Der Staat ist – wie erwähnt - einer der Marktteilnehmer, die relativ früh über das neue Geld verfügen können. Außerdem kann sich der Staat in einem Geldsystem, in dem Geld aus dem Nichts entsteht, also nicht durch Ersparnisse gedeckt ist, relativ leicht verschulden. Beides führt dazu, dass der Staat größer werden kann, als es sonst der Fall wäre. Daher nehmen die Staatsausgaben einen immer größeren Anteil an der Wirtschaftsleistung ein.

Andreas Marquart neues Buch „Crashkurs Geld“ ist im Finanzbuch-Verlag erschienen. Quelle: Presse

Ohne die Geldvermehrung würde der Sozialstaat kollabieren.
Ohne Kredite aus dem Nichts würde sich das Ausmaß des Sozialstaats an der Bereitschaft der Bürger bemessen, diesen durch ihre Ersparnisse und Steuern zu finanzieren. Sozialleistungen und Subventionen müssten dann möglicherweise gekürzt werden. Aber das heißt nicht, dass unser Wohlstand sinkt. Denn es ist nicht der Staat, der den Laden am Laufen hält. Leider können wir nicht berechnen, wie wohlhabend wir wären, hätten wir ein besseres Geldsystem, niedrigere Steuern, und auch weniger Bürokratie, also weniger Staat.

Einige Politiker wollen auch Umwelt- und Klimaschutzmaßnahmen mit Krediten finanzieren. Wie sinnvoll ist das?
Die Umwelt hätte mehr davon, würden durch Zinssenkungen und Kredite aus dem Nichts nicht immer wieder Investitionen angestoßen, die ansonsten gar nicht rentabel wären. Für jede Investition werden knappe Mittel eingesetzt, Arbeitskräfte, Rohstoffe, Kapital, Boden. Die Ökonomen der Österreichischen Schule, allen voran Ludwig von Mises und Friedrich August von Hayek haben in ihren Arbeiten gezeigt, dass monetäre Stimuli wie Zinssenkungen Scheinaufschwünge erzeugen, die regelmäßig in Wirtschaftskrisen enden. Investitionsprojekte, die vormals rentabel erschienen, entpuppen sich dann als Fehlinvestitionen und müssen abgebrochen werden. Übrig bleiben Investitionsruinen, so wie in Spanien nach dem Platzen der Immobilienblase. Was für eine Verschwendung von Ressourcen! Unser Geldsystem konterkariert alle politischen Bemühungen um mehr Nachhaltigkeit und Umweltschutz.

Sie äußern viel Kritik an unserem Geldsystems. Was schlagen Sie als Alternative vor?
Die Alternative ist ein freier Markt für Geld. Jeder Marktteilnehmer soll das Geld verwenden dürfen, das er möchte.
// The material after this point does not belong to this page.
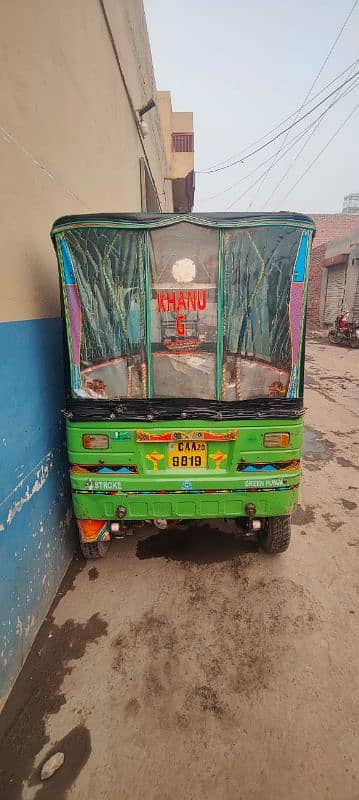 New Asia Auto Rickshaw Model 2020 2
Das klingt nach Chaos, wäre es aber nicht. Geld ist ein Netzwerkgut. Je mehr Menschen ein Gut als Geld verwenden, desto größer ist der Nutzen für alle. Daher werden die Menschen sich sehr schnell – Marktentdeckungsverfahren nennt man das – auf eine oder einige wenige Geldarten einigen. Schließlich wollen sie ihre Geschäfte miteinander möglichst effektiv abwickeln. Der Staat kann übrigens weiter Geldemittent sein. Er müsste sich und das Bankensystem aber disziplinieren und aufhören mit der Geldvermehrung. Dann hätte vielleicht sogar staatliches Geld eine Chance im einsetzenden Wettbewerb.